Anne Henderschott, in her book The Reluctant Caregivers, speaks of the need for us to engage in “soul talk.” Despite our way of life, we are frequently uncomfortable with this type of dialogue. Henderschott points out that in her experience of caring for her mother-in-law, Katherine, it was evident that her essence or soul remained. This recognition enabled Katherine’s family to experience her as their beloved mother, mother-in-law, grandmother and, most importantly, as a child of God. In other words, she was still Katherine, even when she was not able to remember anything of herself.
Attitude of Acceptance
I also believe that we must approach our brothers and sisters who are living with dementia with the inner conviction that deep within, they are still the men and women they always were. If we do this, our actions and attitudes will reflect acceptance, compassion and loving support. By understanding that dementia is an illness rather than an embarrassing and purposeful set of behaviors, we are less likely to misinterpret our brother’s or sister’s actions, to criticize them or possibly even to alienate them.

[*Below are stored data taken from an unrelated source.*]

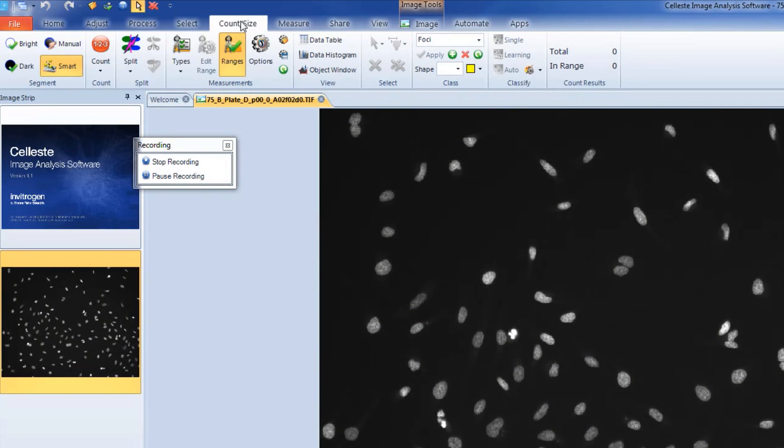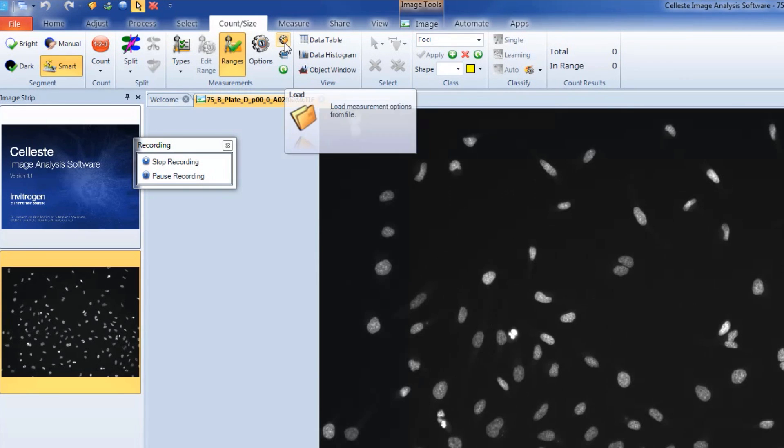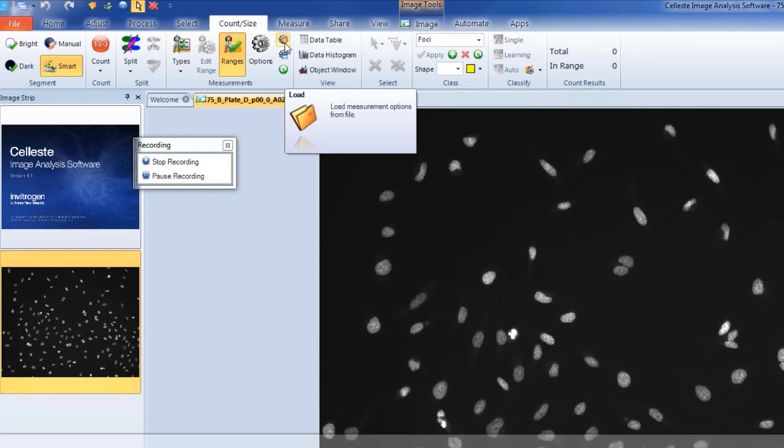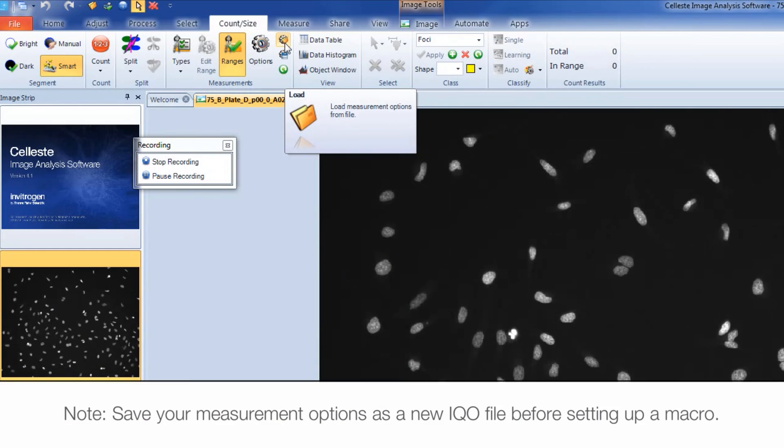From the Measurement Options group, you can load your desired IQO file. This will load previously saved settings into Celeste software. It's recommended that you set up your measurement options and save them as a new IQO file before setting up your macro.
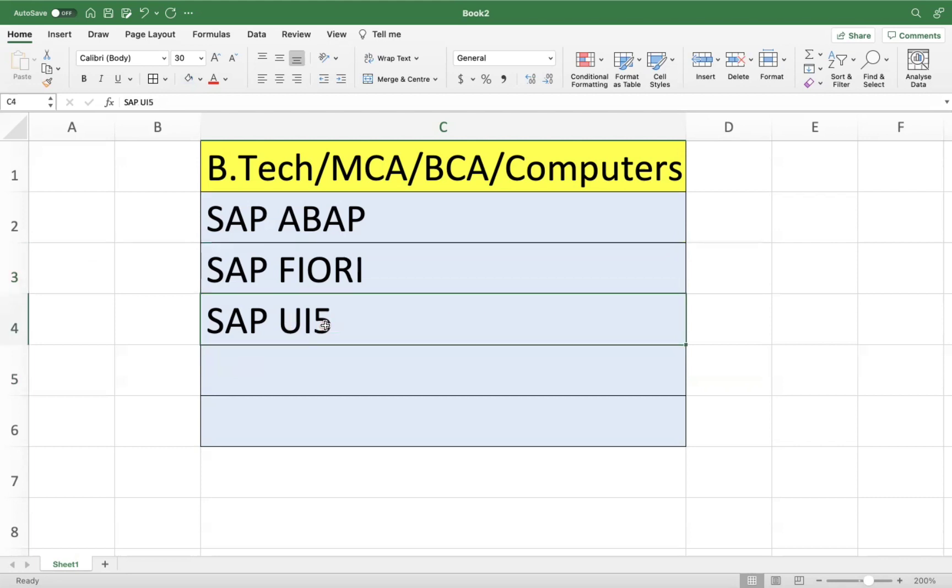And SAP UI5, and there are some screen designing-related things also you can learn. At a high level, you can go to SAP ABAP and any other sub-modules or additional functionalities based on the demand you can add to your ABAP knowledge or ABAP experience.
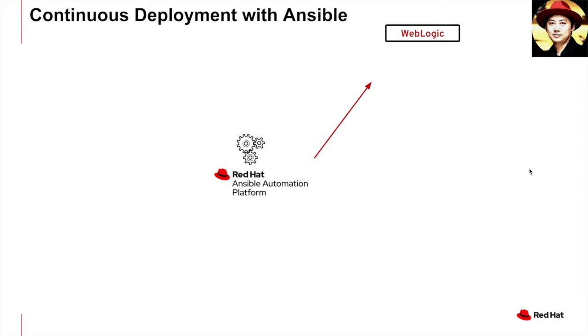In today's session, I'm going to demo deploying a web application into a cluster of WebLogic instances using Red Hat Ansible automation platform.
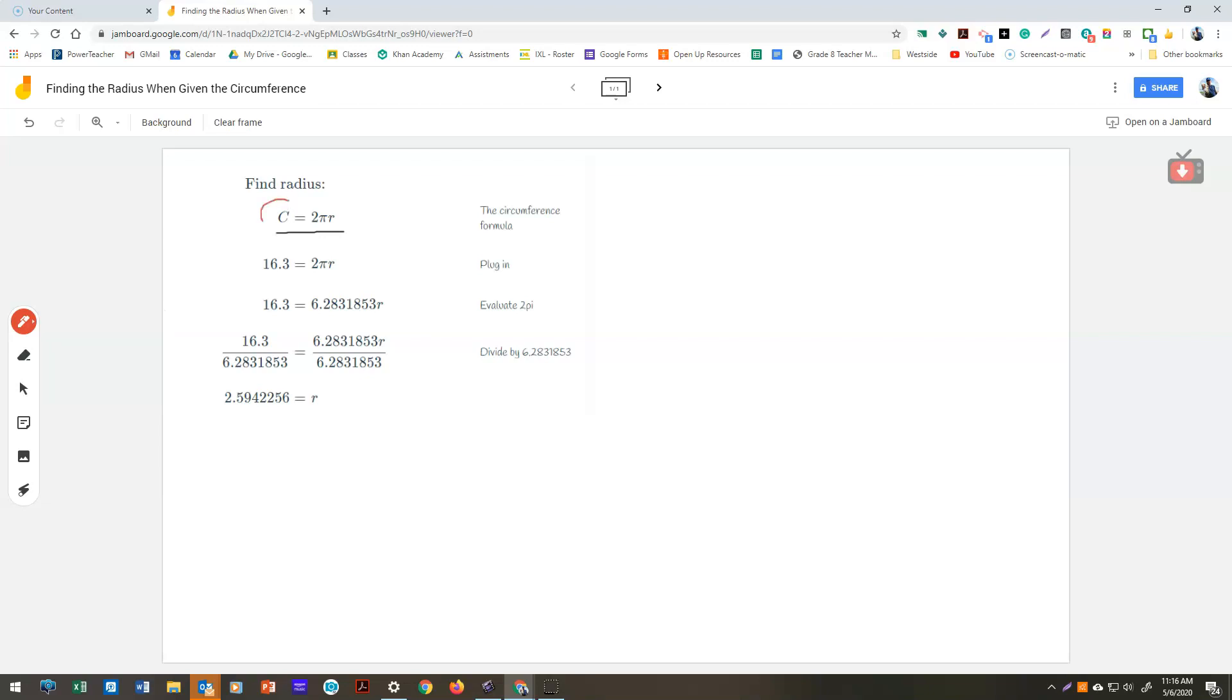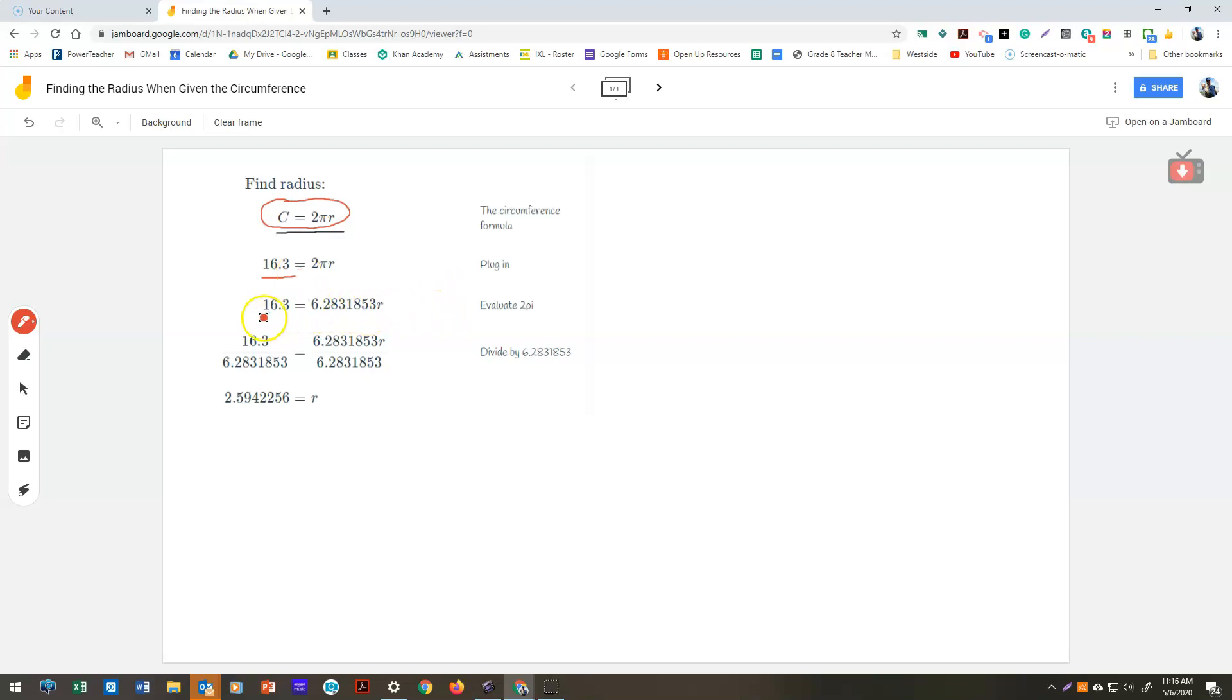The circumference formula is c equals 2πr. So we simply plug in the number we're given for the circumference, which is 16.3, and we set it equal to 2πr.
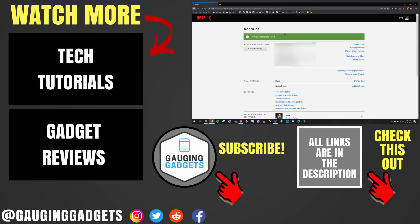If this video helped you, give it a thumbs up. Please consider subscribing to my channel, Gauging Gadgets, for more gadget reviews and tech tutorials. Thank you so much for watching.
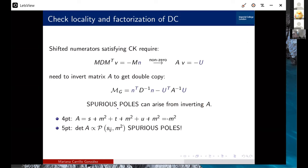Inverting the relation and plugging back into the double copy, you get a standard BCJ piece plus an extra piece from shifting the numerators, which comes with the inverse of a matrix — telling you that spurious poles could arise. At four points, the non-zero part is the trace of S+M², T+M², U+M², giving no extra spurious poles. But at five points, it was already noticed that this gives a polynomial in Mandelstam variables and masses, yielding spurious poles — these are not physical and lead to a theory that is not locally what you'd expect from a double copy.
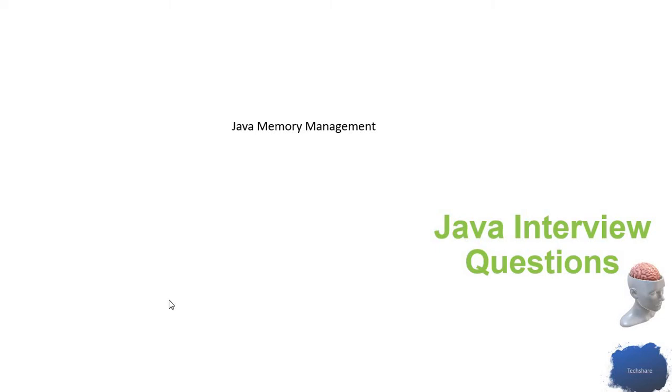Hi, welcome back to Telusko channel. In this Java interview questions video, we're going to discuss another important fundamental question asked to all Java developers to understand how good their knowledge is about Java memory management.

Although those living with this illness are not in possession of all their mental faculties, they may well be able to sense our acceptance … or rejection.
In his book titled Denial of the Soul, M. Scott Peck reminds us that for those with faith, there is knowledge that the soul of the individual remains, even with dementia. David Keck, in Forgetting Whose We Are calls Alzheimer’s the “theological disease” because although the disease may ravage the body, he maintains that it does not affect the soul. Scripture scholar, Fr. Donald Senior, CP, writes a commentary on Keck’s book in which he focuses in on a very poignant and noteworthy point — that although the person with dementia forgets who he/she is, God always remembers who we are. (Is. 49:14-16)
In concluding this reflection, let this be our prayer: Compassionate God, the longer I journey with my brother/sister whose visible behavior is progressively diminishing because of dementia, the more I seek the grace to find that inner spark and remember that he is still my brother … she is still my sister!
— Sr. Vicki, a resident of St. Elizabeth Motherhouse in Allegany, N.Y., provided six sources for this essay. She has contributed in the past to HNP Today.